La saga del rey mesopotámico Gilgamesh, de la ciudad sumeria de Uruk, sumadas las versiones sumerias y acadias del relato mítico, se construye a partir de la oposición entre la memoria y el olvido, que se resuelve o se simboliza en la figura del propio Gilgamesh. Éste posee una parte de divinidad y dos de humanidad. En tanto que dios es inmortal, mas el peso de su condición humana lo convierten en un ser mortal. Es esta dualidad, o este desgarro, que Gilgamesh trata de resolver, no solo para sí mismo, sino en tanto que representante de todos los seres humanos. En Mesopotamia -como ocurrirá también en Grecia-, los mortales eran considerados unas sombras: seres evanescentes, creados solo para servir penosamente a los dioses. Mas los humanos, moldeados con barro, poseían una espurna divina. La suerte de la humanidad estaba ligada a la de Gilgamesh y simbolizada por la de este rey.
Gilgamesh trata de perdurar para siempre, cultivando su lado divino. Sabe, empero, que deberá esforzarse, pues su destino es la muerte. Tiene, pues, que torcer el hado funesto.
Una primera tentativa pasa por la preservación del cuerpo, sede del lil, el espíritu o soplo. Parte, pues, en busca de la planta de la inmortalidad. No la busca para si mismo, ciertamente, sino para devolver a la vida a su fiel amigo y escudero Enkidu, recientemente fallecido por culpa de las ambiciosas aventuras de Gilgamesh. pero también sabe que esa planta podría redimir a todos los hombres: una planta dotada de espinas de la que Gilgamesh desconfiará -podría devolver los muertos a la vida, o envenenar- y que perderá para siempre.
Pero Gilgamesh también busca que su nombre perdure. Busca "hacerse un nombre", alcanzar el renombre.
Su partida hacia el intrincado Bosque de los Cedros, situado más allá de las siete montañas y los siete desiertos, donde moran los dioses, encabezados por el Dios del Espíritu (Enlil), vigilado por el monstruo divino Humbaba, solo tiene una finalidad: colocar (gar) su nombre (mu), emplazarlo (gub). Algunos intérpretes piensan que lo que Gilgamesh trata es de erigirse un monumento en el Bosque de los Cedros que celebre y recuerde su gesta: su enfrentamiento a muerte con Humbaba, y su victoria final. La búsqueda de la fama, que redima del olvido en el que le conduce su condición humana, impregna toda la saga. Una y otra vez, Gilgamesh trata de emprender acciones heroicas que sean dignas de ser recordadas para siempre.
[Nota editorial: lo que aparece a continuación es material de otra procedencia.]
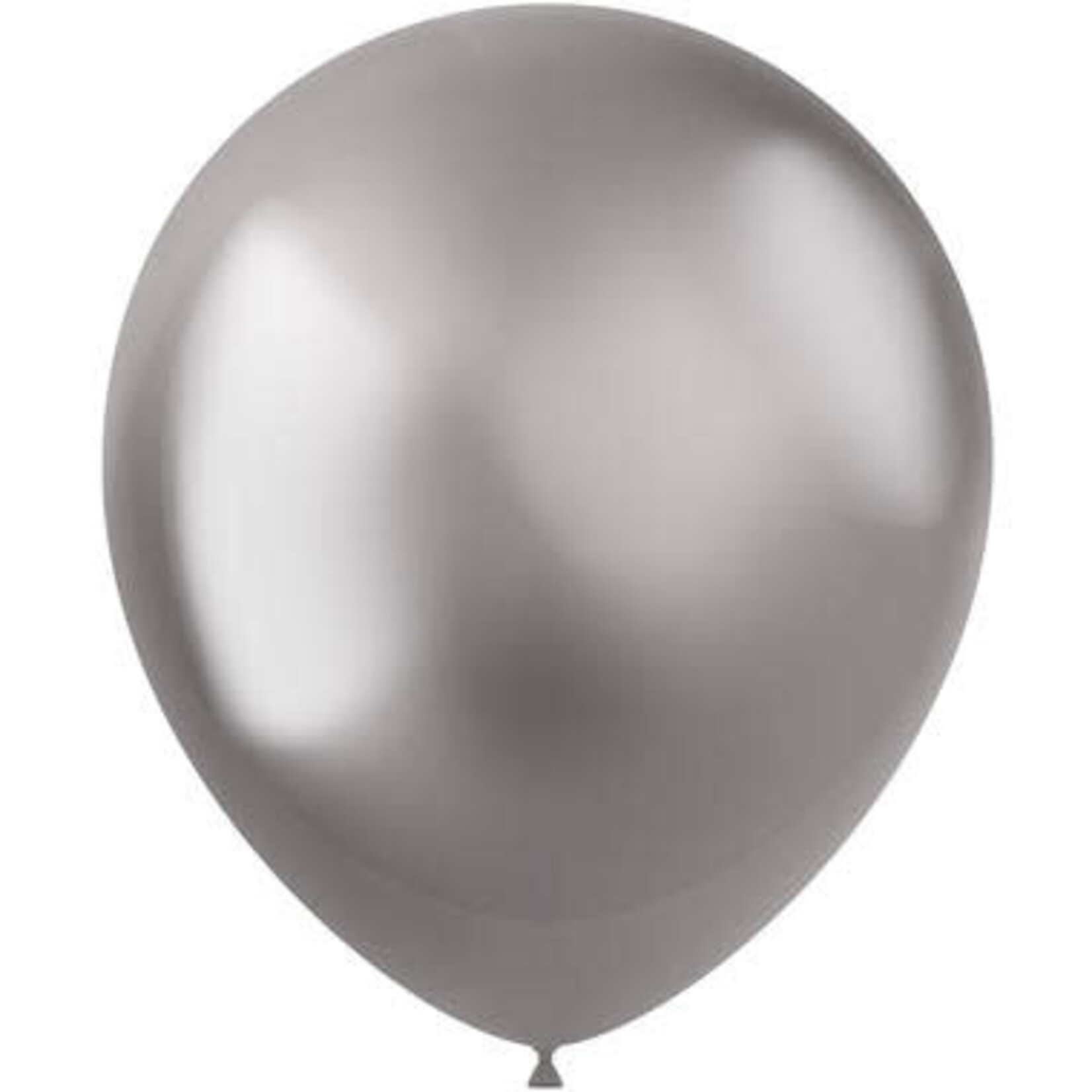 FT Balloons silver 33 cm- 10 pieces biodegradable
A la vuelta de sus aventuras, cansado, tras haber perdido a Enkidu, y haber temido los efectos de la planta de la inmortalidad, Gilgamesh descubre que el monumento gracias al que su buen nombre perdurará ya existe: son las espléndidas murallas de la ciudad de Uruk, donde reina, levantadas bajo sus órdenes. Esta obra es como una estela funeraria. Recordará para siempre a todos los mortales la existencia de Gilgamesh, impedirá que su nombre caiga en el olvido, nombre, que una vez pronunciado o recordado, devolverá, por un momento a Gilgamesh a la vida. Su imagen aparecerá, se destacará de la penumbra infernal que atenaza a todos los mortales.
Las murallas de la ciudad se asentaban sobre unas sólidas fundaciones o cimientos. En éstos descansaba un texto. Unas tablillas de lapislázuli habían sido depositadas durante el ritual de fundación de la ciudad. en éstas estaba escrita la vida de Gilgamesh, el Poema que los lectores tienen aún en las manos. El texto está incluido en el texto. La narración cuenta o recuerda un ritual fundacional que contiene esta misma narración. Se trata de una narración circular, como el cuerpo de una serpiente inmortal cuando se vuelve sobre si misma.
Es, por tanto, el Poema de Gilgamesh lo que preserva para siempre el nombre de Gilgamesh, que lo mantiene en vida. Gilgamesh vivió para contar su vida. Y contándola, contando lo que vivió, alcanzó la inmortalidad.
La ficción venció a la realidad. El poder de la ficción es lo que nos mantiene en vida.